[Data extract]

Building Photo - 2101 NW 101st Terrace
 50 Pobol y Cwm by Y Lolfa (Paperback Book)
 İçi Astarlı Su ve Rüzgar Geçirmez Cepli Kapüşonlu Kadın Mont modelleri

[/Data extract]

— Activity —
Give every line of the material again, exactly as it reads.

— Written solution —
Building Photo - 2101 NW 101st Terrace
 50 Pobol y Cwm by Y Lolfa (Paperback Book)
 İçi Astarlı Su ve Rüzgar Geçirmez Cepli Kapüşonlu Kadın Mont modelleri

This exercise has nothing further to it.